▸ PROBLEM STATEMENT
Leave out every line before the one that contains "Comfortflo 72 in.". Please restate that line and the rest of the data word for word, through the end.

▸ PROVIDED RECORDS
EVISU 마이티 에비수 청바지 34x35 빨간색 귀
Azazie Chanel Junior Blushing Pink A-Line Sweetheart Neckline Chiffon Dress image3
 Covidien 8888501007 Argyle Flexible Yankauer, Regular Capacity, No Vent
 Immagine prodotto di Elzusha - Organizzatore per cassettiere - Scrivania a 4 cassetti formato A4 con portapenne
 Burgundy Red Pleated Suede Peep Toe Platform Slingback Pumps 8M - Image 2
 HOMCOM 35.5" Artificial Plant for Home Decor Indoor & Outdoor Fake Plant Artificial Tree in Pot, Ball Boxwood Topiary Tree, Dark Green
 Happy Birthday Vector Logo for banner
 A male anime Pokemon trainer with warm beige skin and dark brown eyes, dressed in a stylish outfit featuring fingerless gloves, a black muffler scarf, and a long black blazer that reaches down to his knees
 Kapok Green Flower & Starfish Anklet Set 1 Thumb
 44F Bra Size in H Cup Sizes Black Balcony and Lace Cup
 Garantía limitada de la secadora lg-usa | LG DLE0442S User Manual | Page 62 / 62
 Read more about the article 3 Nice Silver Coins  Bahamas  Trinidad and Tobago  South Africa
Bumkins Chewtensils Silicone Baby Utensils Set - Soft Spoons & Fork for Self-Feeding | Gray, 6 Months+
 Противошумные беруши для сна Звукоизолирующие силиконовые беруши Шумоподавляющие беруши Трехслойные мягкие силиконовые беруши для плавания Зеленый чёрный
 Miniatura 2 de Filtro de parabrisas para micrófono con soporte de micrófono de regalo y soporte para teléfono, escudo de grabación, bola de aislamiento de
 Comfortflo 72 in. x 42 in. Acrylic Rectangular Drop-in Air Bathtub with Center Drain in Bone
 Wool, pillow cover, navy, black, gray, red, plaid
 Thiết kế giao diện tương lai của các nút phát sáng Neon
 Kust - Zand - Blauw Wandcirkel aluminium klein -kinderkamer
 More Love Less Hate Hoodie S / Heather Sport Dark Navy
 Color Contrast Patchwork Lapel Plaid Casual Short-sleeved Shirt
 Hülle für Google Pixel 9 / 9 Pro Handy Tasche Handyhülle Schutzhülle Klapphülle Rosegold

▸ RESPONSE
 Comfortflo 72 in. x 42 in. Acrylic Rectangular Drop-in Air Bathtub with Center Drain in Bone
 Wool, pillow cover, navy, black, gray, red, plaid
 Thiết kế giao diện tương lai của các nút phát sáng Neon
 Kust - Zand - Blauw Wandcirkel aluminium klein -kinderkamer
 More Love Less Hate Hoodie S / Heather Sport Dark Navy
 Color Contrast Patchwork Lapel Plaid Casual Short-sleeved Shirt
 Hülle für Google Pixel 9 / 9 Pro Handy Tasche Handyhülle Schutzhülle Klapphülle Rosegold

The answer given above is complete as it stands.